Mechanism of cerium(III) oxidation with ozone in sulfuric acid solutions

Abstract

The kinetics of Ce(III) oxidation with ozone in 0.1–3.2 M H2SO4 solutions was studied by spectrophotometry. The reaction follows the first-order rate law with respect to each reactant. The rate constant k slightly increases with an increase in the acid concentration, which is associated with an increase in the O3/O3− oxidation potential. The activation energy in the range 17–35°C is 46 kJ mol−1. With excess Ce(III), the stoichiometric coefficient Δ[Ce(IV)]/Δ[O3] increases from 1.6 to 2 in going from 0.1 to 1–3.2 M H2SO4. The extent of the Ce(III) oxidation is 78% in 0.1 M H2SO4 and reaches 82% in 1 M H2SO4. The ozonation involves the reactions Ce(III) + O3 → Ce(IV) + O3−, O3− + H+ → HO3, HO3 → OH + O2, OH + HSO4− → H2O + SO4−, OH + Ce(III) → OH− + Ce(IV), and SO4− + Ce(III) → SO4/2− + Ce(IV). Low stoichiometric coefficient of the Ce(III) oxidation is associated with the hydrolysis of Ce(IV).
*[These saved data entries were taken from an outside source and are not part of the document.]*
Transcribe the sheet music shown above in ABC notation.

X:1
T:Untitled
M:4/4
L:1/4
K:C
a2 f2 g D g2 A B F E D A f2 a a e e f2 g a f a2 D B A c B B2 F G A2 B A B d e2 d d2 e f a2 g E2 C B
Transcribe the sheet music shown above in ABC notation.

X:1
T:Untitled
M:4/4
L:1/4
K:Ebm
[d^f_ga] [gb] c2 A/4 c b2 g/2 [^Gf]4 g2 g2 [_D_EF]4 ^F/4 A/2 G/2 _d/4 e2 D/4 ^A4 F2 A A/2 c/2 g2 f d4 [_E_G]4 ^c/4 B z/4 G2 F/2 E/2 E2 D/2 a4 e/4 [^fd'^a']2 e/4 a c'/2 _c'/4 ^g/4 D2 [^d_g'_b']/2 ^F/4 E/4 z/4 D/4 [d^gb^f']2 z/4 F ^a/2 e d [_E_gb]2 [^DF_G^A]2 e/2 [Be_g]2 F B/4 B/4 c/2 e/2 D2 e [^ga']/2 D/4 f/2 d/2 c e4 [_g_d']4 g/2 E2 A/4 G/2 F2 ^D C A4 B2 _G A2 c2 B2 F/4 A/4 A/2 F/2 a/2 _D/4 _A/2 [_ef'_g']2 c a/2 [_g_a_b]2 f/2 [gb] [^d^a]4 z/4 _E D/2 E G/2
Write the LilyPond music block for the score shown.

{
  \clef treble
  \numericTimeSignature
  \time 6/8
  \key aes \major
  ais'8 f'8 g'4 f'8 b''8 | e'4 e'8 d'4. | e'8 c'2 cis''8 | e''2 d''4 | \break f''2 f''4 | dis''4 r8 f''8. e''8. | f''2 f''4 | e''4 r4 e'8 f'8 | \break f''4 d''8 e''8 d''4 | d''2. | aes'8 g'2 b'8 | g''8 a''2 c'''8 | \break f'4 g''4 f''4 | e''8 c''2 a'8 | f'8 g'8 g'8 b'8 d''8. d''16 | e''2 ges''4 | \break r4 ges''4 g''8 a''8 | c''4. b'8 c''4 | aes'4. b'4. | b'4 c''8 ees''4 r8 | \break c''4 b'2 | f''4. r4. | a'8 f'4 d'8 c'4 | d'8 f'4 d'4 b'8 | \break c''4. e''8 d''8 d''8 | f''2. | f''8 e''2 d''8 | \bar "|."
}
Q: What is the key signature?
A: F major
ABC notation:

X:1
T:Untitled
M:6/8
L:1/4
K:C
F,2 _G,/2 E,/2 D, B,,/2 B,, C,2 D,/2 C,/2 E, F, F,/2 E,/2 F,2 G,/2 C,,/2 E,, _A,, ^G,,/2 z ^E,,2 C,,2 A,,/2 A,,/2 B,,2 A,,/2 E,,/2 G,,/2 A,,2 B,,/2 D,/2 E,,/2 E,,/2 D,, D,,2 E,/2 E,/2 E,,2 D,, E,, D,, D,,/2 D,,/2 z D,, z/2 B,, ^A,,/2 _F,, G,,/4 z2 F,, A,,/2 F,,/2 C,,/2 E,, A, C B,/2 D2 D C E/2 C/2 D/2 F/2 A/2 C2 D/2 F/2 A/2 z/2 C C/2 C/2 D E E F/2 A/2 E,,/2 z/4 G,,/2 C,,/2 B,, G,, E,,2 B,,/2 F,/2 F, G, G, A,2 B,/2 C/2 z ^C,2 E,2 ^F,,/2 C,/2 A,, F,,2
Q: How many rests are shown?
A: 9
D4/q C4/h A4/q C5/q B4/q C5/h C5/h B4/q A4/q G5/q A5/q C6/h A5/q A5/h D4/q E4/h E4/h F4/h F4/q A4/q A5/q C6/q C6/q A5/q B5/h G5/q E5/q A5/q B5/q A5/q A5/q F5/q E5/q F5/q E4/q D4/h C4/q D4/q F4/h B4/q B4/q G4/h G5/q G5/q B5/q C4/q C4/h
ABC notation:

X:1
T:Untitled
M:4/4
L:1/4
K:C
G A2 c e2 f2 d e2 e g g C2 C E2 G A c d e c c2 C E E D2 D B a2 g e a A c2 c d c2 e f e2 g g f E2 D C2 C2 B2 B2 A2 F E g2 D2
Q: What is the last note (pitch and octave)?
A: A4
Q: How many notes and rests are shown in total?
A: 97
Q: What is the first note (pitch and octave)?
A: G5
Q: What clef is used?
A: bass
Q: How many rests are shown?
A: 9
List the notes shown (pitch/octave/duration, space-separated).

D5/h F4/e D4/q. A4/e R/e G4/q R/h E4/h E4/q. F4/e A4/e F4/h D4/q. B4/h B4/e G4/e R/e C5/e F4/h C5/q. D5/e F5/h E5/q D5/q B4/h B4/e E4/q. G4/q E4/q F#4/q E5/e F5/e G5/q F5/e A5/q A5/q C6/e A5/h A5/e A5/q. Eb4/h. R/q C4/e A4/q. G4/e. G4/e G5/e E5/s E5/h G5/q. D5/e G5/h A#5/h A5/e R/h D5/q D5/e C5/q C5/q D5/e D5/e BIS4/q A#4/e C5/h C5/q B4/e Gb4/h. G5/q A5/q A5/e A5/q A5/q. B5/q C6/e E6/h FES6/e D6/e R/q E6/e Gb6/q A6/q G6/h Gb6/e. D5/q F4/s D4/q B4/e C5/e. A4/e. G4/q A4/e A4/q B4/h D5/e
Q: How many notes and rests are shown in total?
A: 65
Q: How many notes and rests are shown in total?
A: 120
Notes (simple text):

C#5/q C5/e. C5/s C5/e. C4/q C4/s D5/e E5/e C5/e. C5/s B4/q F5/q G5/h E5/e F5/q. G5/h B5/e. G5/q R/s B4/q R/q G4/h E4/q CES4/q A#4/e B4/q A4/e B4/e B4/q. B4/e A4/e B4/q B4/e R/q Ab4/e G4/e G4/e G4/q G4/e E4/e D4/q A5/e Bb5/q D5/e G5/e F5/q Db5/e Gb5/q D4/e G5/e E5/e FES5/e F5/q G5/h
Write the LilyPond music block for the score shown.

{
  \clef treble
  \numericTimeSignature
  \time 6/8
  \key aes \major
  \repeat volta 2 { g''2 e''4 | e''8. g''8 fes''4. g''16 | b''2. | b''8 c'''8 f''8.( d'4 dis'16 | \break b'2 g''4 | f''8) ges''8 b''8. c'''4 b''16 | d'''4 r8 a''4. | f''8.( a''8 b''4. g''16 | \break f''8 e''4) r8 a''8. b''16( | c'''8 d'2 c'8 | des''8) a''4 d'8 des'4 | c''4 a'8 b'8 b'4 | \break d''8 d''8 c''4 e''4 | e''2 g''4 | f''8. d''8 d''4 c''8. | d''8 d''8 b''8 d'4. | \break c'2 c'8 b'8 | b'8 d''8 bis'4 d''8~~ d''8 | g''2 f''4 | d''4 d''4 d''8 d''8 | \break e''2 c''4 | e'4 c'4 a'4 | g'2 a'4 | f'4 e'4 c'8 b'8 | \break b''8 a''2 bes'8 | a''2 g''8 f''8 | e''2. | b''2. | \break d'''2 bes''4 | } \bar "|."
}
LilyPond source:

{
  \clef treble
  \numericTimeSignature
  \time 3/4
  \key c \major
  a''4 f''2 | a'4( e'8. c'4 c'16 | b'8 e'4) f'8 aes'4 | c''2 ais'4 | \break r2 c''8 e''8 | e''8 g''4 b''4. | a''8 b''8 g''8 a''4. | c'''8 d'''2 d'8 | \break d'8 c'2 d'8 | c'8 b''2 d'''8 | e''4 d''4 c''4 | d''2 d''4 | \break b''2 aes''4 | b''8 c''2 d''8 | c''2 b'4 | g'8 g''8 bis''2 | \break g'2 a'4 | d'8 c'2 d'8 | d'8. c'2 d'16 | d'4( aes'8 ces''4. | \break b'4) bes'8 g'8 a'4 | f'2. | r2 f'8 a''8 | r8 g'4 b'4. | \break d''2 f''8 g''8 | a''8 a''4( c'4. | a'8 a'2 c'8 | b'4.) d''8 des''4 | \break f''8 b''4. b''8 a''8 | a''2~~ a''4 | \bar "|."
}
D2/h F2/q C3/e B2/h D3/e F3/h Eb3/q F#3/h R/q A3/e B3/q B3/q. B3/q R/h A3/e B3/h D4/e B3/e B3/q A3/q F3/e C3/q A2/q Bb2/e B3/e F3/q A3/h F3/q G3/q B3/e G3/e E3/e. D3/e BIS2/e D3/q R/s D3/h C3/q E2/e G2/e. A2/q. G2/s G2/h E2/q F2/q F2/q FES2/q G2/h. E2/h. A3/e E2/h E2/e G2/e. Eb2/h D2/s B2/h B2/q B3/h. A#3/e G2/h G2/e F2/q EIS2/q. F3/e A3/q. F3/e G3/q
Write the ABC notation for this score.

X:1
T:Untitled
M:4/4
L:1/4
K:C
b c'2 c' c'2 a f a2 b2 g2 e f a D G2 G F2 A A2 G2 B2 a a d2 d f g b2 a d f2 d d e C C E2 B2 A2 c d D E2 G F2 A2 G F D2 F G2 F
The excited Ce(IV) ion arising from oxidation of Ce(III) with OH radical forms with the hydrolyzed Ce(IV) ion a dimer whose decomposition yields Ce(III) and H2O2. After the ozonation termination, Ce(IV) is relatively stable in sulfuric acid solution, with only 5–7% of Ce(IV) disappearing in 24 h.